その後、ダラールの虐めに加担していないと証明が出来た第二夫人と第三夫人の子供たちは解放されることになったのだが、
「なんで私が解放されないんだよ! 私は無関係だろー!」
ライラの叫びは牢獄に轟くことになったのだ。
驚くべきことに、ザーフィラ第二妃も両親と共に身柄を拘束される形で地下牢へとやって来た。
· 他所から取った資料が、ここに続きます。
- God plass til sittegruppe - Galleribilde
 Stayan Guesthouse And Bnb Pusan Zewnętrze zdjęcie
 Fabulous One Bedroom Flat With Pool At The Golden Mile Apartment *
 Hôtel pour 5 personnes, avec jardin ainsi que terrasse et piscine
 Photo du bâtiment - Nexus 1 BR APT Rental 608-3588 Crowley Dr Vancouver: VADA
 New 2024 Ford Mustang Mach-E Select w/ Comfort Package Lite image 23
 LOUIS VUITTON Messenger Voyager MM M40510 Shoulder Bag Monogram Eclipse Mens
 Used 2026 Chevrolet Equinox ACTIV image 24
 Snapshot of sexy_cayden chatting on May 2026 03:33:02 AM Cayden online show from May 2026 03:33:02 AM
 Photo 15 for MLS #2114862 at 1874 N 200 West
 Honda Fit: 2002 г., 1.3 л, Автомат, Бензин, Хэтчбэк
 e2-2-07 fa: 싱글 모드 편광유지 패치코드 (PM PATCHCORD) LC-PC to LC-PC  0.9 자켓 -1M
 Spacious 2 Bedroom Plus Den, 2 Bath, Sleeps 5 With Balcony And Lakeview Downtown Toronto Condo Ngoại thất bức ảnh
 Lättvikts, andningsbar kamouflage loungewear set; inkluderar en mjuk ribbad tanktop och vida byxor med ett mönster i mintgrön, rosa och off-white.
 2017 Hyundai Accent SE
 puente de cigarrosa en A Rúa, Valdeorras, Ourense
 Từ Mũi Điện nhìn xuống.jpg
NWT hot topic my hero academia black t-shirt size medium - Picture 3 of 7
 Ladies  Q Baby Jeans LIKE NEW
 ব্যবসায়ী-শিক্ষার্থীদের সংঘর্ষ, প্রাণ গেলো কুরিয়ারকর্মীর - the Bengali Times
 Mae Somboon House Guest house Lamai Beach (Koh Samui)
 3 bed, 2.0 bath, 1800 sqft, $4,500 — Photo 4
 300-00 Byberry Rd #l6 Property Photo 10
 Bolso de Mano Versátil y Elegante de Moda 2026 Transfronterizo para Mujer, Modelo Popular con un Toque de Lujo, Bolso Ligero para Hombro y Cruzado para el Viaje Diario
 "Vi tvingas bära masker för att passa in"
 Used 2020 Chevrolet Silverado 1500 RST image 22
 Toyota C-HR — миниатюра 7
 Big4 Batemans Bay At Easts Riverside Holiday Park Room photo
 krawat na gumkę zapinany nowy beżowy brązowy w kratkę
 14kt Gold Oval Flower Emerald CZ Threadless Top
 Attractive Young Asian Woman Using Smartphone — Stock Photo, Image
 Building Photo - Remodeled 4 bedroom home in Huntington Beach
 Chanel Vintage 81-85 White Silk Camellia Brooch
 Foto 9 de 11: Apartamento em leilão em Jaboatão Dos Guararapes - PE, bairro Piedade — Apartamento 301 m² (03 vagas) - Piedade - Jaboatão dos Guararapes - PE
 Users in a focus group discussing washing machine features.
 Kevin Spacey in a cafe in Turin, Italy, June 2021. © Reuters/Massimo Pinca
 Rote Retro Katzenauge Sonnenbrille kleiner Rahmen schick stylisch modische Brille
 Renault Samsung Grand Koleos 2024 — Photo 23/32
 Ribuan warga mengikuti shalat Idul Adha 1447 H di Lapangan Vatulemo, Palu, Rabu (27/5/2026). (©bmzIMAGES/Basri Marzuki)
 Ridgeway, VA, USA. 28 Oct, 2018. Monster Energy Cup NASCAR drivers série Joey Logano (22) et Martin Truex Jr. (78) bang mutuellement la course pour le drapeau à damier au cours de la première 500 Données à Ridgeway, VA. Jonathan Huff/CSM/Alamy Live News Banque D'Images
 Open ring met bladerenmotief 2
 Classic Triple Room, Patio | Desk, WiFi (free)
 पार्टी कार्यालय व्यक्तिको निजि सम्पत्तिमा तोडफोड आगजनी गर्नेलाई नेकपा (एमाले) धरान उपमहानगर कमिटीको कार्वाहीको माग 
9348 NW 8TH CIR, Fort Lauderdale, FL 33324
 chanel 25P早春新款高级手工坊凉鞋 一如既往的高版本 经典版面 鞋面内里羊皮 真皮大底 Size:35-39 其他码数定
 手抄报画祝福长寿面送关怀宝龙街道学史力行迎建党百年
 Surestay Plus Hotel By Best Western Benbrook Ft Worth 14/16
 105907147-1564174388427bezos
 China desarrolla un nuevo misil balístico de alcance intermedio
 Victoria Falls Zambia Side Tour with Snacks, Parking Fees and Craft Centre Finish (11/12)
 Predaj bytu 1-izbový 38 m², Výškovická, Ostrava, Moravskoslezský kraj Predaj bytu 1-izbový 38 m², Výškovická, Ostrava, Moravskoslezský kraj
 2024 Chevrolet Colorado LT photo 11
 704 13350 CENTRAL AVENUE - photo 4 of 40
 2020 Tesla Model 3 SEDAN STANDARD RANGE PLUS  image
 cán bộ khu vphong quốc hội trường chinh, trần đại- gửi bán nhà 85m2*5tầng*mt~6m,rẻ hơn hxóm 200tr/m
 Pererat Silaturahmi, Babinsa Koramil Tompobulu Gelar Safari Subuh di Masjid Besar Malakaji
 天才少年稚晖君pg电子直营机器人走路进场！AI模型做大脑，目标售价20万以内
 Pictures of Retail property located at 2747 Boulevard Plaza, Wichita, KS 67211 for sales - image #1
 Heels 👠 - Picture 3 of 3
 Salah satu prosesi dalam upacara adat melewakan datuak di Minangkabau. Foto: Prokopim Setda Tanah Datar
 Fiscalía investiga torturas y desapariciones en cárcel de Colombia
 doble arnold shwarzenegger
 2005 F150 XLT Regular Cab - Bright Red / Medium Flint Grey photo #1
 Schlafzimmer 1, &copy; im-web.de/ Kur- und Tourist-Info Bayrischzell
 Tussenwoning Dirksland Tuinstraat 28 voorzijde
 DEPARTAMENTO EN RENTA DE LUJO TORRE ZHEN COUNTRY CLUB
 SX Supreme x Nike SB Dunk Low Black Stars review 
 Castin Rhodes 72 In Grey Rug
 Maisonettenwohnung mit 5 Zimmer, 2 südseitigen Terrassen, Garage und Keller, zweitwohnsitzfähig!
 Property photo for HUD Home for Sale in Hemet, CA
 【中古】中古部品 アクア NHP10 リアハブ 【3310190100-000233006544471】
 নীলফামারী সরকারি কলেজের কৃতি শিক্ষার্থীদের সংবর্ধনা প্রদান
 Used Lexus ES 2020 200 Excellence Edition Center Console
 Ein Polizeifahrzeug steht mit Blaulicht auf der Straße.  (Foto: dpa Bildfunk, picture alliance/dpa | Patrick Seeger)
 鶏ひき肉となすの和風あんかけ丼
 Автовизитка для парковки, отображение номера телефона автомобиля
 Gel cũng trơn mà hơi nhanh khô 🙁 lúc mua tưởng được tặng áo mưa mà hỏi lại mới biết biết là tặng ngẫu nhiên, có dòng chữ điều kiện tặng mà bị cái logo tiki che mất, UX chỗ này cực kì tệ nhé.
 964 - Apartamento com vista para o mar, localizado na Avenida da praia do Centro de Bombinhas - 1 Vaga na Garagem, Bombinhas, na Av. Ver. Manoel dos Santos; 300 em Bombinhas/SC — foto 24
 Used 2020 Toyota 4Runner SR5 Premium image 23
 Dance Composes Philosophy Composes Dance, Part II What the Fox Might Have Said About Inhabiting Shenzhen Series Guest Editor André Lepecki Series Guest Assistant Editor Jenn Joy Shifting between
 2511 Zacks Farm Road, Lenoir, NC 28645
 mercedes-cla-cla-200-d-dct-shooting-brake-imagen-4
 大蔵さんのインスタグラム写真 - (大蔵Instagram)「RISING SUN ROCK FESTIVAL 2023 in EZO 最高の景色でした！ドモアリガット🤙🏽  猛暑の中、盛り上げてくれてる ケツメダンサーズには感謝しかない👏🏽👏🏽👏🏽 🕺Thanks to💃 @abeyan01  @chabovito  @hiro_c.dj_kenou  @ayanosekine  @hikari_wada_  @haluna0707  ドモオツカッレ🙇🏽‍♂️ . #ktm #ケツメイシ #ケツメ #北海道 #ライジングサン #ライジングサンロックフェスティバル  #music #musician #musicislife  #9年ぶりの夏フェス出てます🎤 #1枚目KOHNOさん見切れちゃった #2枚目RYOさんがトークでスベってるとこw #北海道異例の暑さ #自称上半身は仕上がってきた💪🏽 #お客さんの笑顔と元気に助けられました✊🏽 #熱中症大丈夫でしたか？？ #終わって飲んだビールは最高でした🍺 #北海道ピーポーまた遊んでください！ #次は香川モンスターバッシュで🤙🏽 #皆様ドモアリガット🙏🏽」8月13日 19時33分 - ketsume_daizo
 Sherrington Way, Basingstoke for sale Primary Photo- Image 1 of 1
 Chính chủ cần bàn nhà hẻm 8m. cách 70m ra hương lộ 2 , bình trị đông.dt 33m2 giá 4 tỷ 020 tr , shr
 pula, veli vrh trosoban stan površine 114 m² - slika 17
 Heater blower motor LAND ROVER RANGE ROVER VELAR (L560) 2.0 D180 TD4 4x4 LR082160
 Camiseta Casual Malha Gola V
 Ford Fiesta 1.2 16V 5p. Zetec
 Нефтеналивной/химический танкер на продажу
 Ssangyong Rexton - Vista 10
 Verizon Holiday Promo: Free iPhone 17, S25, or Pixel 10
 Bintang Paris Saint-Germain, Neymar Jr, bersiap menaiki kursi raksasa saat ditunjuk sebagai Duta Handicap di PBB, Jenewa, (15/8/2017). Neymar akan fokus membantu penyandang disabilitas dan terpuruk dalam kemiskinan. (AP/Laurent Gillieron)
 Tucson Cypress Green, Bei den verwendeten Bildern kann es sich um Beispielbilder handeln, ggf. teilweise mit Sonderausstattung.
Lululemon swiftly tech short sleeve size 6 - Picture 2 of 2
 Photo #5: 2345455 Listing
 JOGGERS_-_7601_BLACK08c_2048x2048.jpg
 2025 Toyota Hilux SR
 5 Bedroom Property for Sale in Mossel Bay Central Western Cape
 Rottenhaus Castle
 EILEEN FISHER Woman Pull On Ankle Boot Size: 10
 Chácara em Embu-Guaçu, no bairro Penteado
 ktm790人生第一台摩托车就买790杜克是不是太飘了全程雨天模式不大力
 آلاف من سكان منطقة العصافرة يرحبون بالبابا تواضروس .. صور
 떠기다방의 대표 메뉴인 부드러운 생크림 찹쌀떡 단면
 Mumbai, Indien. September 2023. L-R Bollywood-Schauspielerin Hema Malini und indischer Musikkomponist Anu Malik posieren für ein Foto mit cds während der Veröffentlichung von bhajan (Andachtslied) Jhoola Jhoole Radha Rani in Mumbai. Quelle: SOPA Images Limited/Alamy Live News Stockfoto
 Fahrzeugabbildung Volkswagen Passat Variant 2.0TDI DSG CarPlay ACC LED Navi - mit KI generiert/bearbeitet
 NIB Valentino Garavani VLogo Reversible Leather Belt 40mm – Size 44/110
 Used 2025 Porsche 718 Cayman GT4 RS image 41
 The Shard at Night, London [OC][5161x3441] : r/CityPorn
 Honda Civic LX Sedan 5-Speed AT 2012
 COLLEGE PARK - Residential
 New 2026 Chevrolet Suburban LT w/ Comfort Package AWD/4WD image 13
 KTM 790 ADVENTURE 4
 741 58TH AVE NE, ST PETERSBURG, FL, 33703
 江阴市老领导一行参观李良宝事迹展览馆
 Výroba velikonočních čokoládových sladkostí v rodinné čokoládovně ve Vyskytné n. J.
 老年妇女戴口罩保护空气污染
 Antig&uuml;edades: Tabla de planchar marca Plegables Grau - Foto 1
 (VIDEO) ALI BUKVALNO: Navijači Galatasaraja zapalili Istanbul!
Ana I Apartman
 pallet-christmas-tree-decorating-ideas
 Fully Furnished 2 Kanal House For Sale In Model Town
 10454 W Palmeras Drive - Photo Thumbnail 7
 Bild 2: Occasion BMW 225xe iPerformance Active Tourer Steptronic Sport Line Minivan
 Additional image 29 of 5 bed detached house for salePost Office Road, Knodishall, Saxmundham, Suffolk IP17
そのうちライラの両親まで牢獄に押し込まれることになったのだ。
アクトゥム家は滅門だと宣言され、ダラールへの虐めを見て見ぬふりをしていた分家の長老たち、屋敷の使用人たち、死んだマウザの両親まで地下牢へと連れて来られることになったのだが、
「お父様! なんとかしてちょうだい! 我が一族は虐めに加担なんかしていない! 女神の末裔を虐めてなんかいないって言ってよ!」
斜め前の牢に入れられた父に向かってライラは必死の声を上げたのだが、
「お前なんか産むんじゃなかったわ!」
父と同じ牢に入れられた母が半狂乱になりながら言い出した。
「そもそも貴方がライラを甘やかしたのが悪いのよ!貴方が!族長として真っ当な対応をしていたらこんなことにはならなかったのよ!」
そこで父は、闇に沈んだ牢屋の中から言い出した。
「これは我が弟、ターヒルの復讐なんだよ」
「はあ? なんでよ?」
「お前はターヒルの娘を死に追いやったではないか」
ターヒルにはアーヤという目の中に入れても痛くないというほど可愛がっていた娘がいたのだが、アーヤが心底愛するナージーという若者を遊び半分でライラは奪い取ってしまったのだ。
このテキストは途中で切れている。